結果還沒等到晚上,就來了一個訊息:浣衣局的管事姑姑,要換人了。現在的劉姑姑,要放出宮去。
陶君蘭下意識的想到了綠柳:她知道這個訊息麼?這個訊息,到底是真的還是假的?
因為也是偷偷傳來的訊息,所以一時半會的,還真無法判斷真假。
可是到了晚上回了屋子,見了綠柳那神情之後,陶君蘭心裡一沉,頓時明白過來:這個訊息,怕有可能是真的。
陶君蘭第一個反應倒不是想著自己去針工局的事情還成不成,而是下意識的想:劉姑姑走了,是什麼人來接管浣衣局?以後綠柳她們的日子會不會很艱難?畢竟,綠柳她們也算是劉姑姑的親信,新來的姑姑,未必會待見的。
而她和陶芯蘭幾乎可以說是仰仗著綠柳的,若是綠柳都自身難保,那麼她們姐妹兩個的日子,只怕就更加艱難了。
於是陶君蘭扭頭去看文杏和採鳶的臉色。文杏一臉平靜,似乎什麼事兒也沒有,不過到底也不如以往樂呵呵的。
至於採鳶,蹙著眉頭,多少也有幾分擔心。不過看著似乎也不算太擔心。
綠柳的反應是最大的。不過想想也能夠理解:她和劉姑姑的關係最親近。而她曾說了,劉姑姑將來會讓她做下一任的管事姑姑。可劉姑姑如今這麼一走……顯然這件事情就這麼沒了下文了。綠柳……可謂是順勢慘重。而且將來新管事姑姑來了,說不定第一個就拿她下刀。
只是這件事情,她也不好開口安慰什麼:怎麼安慰,也不可能改變事實了。況且她本來也不是個會說話的,所以乾脆就什麼也不說。
陶芯蘭見氣氛不對,也沒敢和以前一樣拉著文杏玩鬧。
屋裡安靜而又壓抑得厲害。
最後還是綠柳率先出了聲,她恨恨的啐了一口:“我就不信,乾孃出宮了,咱們還就活不下去了?!”
陶君蘭險些就要叫一聲好了。她是很認同綠柳這種態度的:不管怎麼樣,日子總是要過的。與其悶悶不樂的,倒不如樂觀些。橫豎,總是能過得去的。

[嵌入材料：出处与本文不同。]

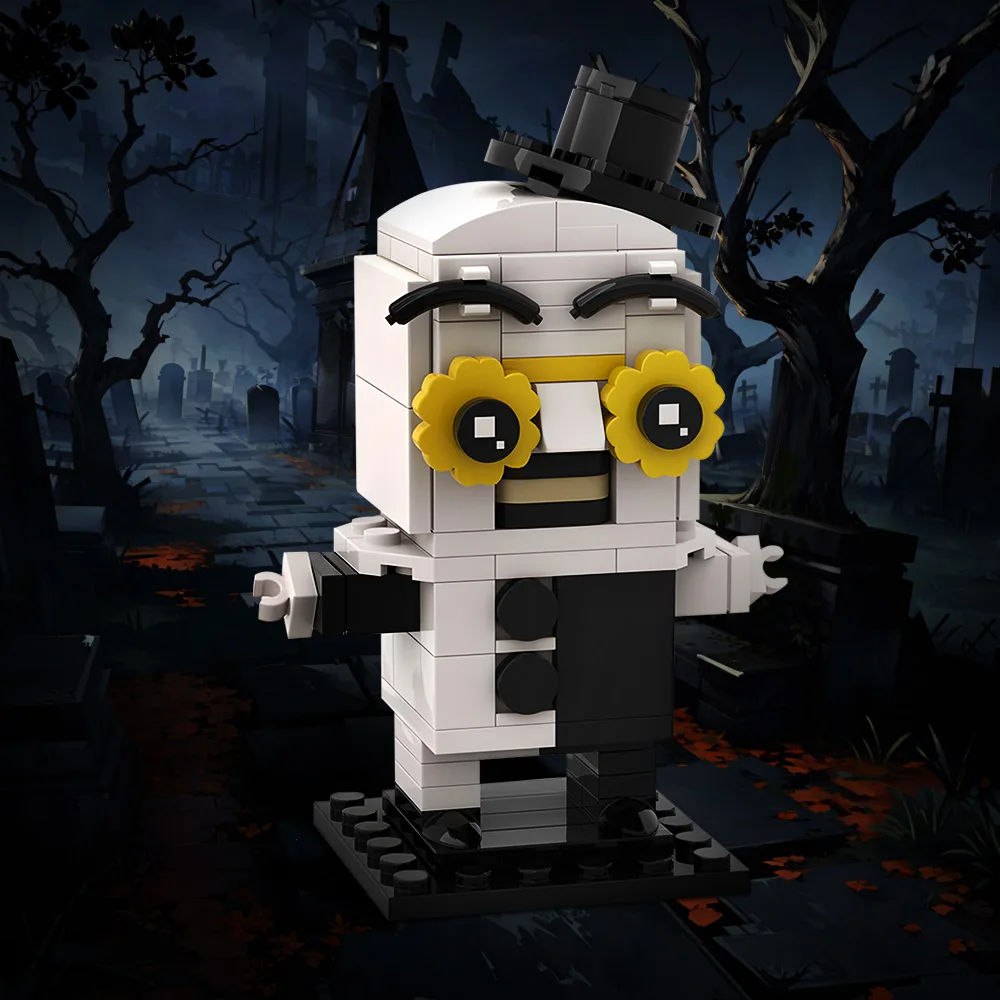 Gobricks MOC Art Clown BrickHeadzs Building Blocks รุ่นแว่นตาสีเหลือง Edition อิฐ DIY ประกอบของเล่นสําหรับของขวัญเด็ก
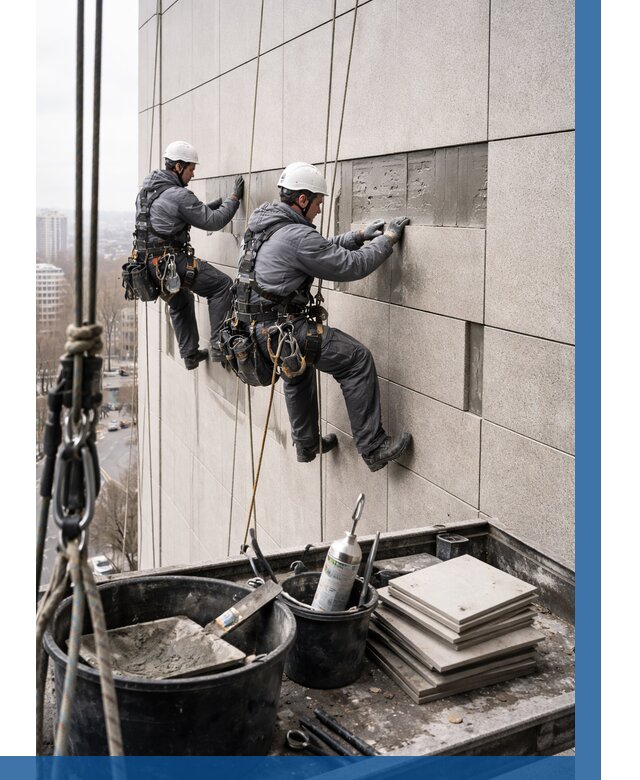 Ремонт фасада из керамогранита в Котласе от 2591 р. | ВЫСОТНИК-Ктл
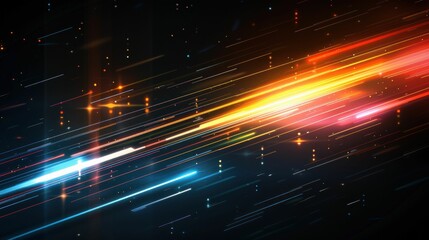 Dynamic streaks of light with a bokeh effect creating an abstract and futuristic background.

“你能這樣想是最好了。”陶君蘭笑著拉住綠柳:“總能好過的。再說,不到最後,誰也不知道事情究竟會怎麼樣。也許現在看來是禍事,將來又變成了好事呢?所謂福禍雙依,正是這樣。”
綠柳勉強一笑;“自然如此。”
顯然,縱然想開了,可是心裡的鬱卒也不是一時半刻就能完全消去的。
不過陶君蘭也不再去勸,橫豎隨著時間過去,綠柳總能緩過來的。
等到夜裡睡覺的時候,陶君蘭卻是後知後覺的想到了一件事情:這一次的事情,會不會對她去針工局的事情有所影響?
按理說是應該不會,可是萬一呢?畢竟,事情過去了這麼好幾天也沒了訊息,說不準就是受到了影響?她的手藝雖然不錯,可是卻也不見得就少了她不可。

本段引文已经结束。